##### DATA FOR ANALYSIS #####
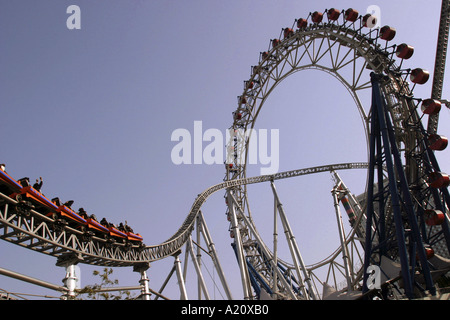 Besucher fahren auf einer Achterbahn im LaQua Vergnügungs- und Kirmes Park, Tokio, Japan. Stockfoto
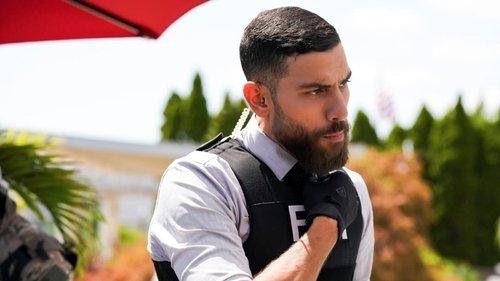 undefined Season 5 Episode 5 - Flopped Cop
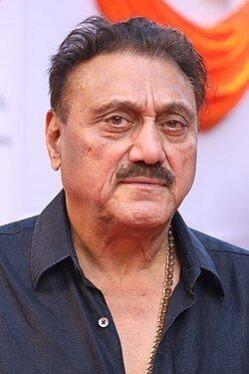 चित्रपट निर्माते आणि अभिनेत्री अरुणा इराणी यांचे पती कुकू कोहली यांचे वयाच्या ७७ व्या वर्षी निधन झाले. अजय देवगणला फुल और कांटे या चित्रपटाद्वारे चित्रपटसृष्टीत आणण्यासाठी प्रसिद्ध असलेल्या कोहली यांचे कोकिलाबेन रुग्णालयात निधन झाले.
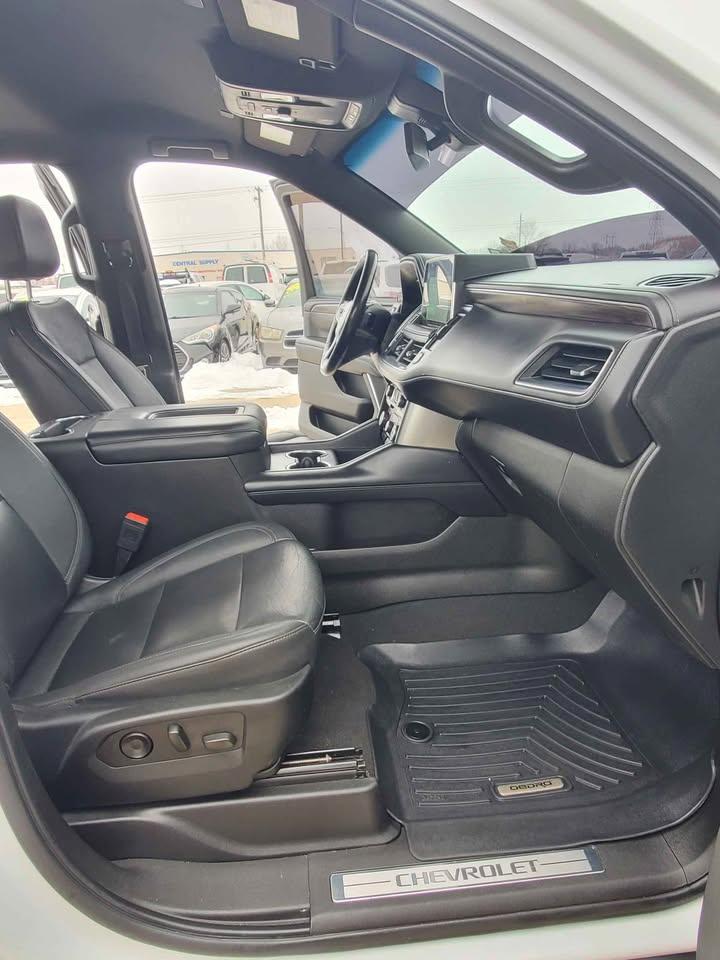 Chevrolet Suburban LT 4WD 2022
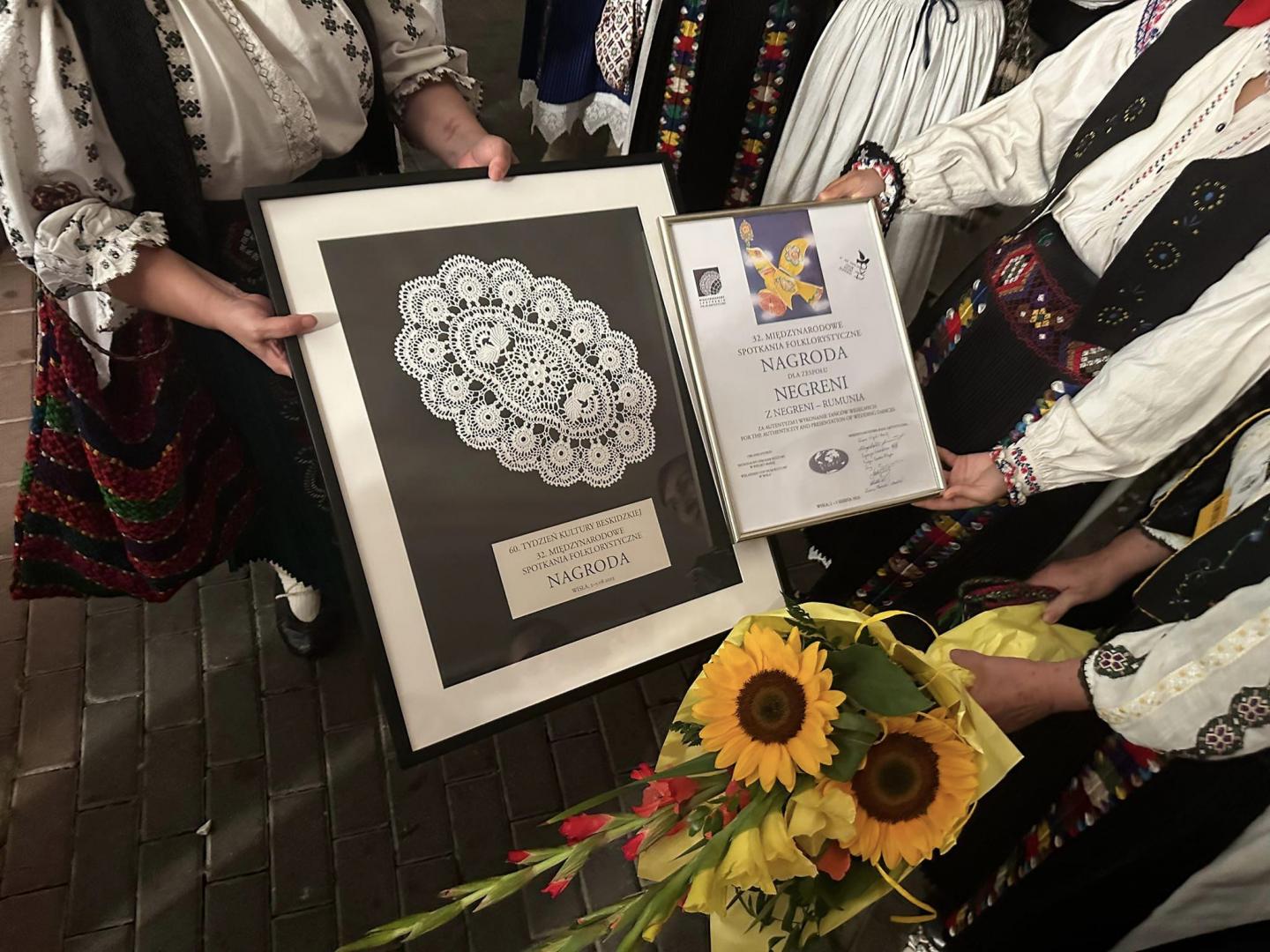 Sătenii din comuna clujeană Negreni au fost premiați pentru autenticitate la un festival de folclor din Polonia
#####
_PROBLEM STATEMENT_
Produce an exact copy of the records above, leaving out the pictures.

_ANSWER BOX_
 Besucher fahren auf einer Achterbahn im LaQua Vergnügungs- und Kirmes Park, Tokio, Japan. Stockfoto
 undefined Season 5 Episode 5 - Flopped Cop
 चित्रपट निर्माते आणि अभिनेत्री अरुणा इराणी यांचे पती कुकू कोहली यांचे वयाच्या ७७ व्या वर्षी निधन झाले. अजय देवगणला फुल और कांटे या चित्रपटाद्वारे चित्रपटसृष्टीत आणण्यासाठी प्रसिद्ध असलेल्या कोहली यांचे कोकिलाबेन रुग्णालयात निधन झाले.
 Chevrolet Suburban LT 4WD 2022
 Sătenii din comuna clujeană Negreni au fost premiați pentru autenticitate la un festival de folclor din Polonia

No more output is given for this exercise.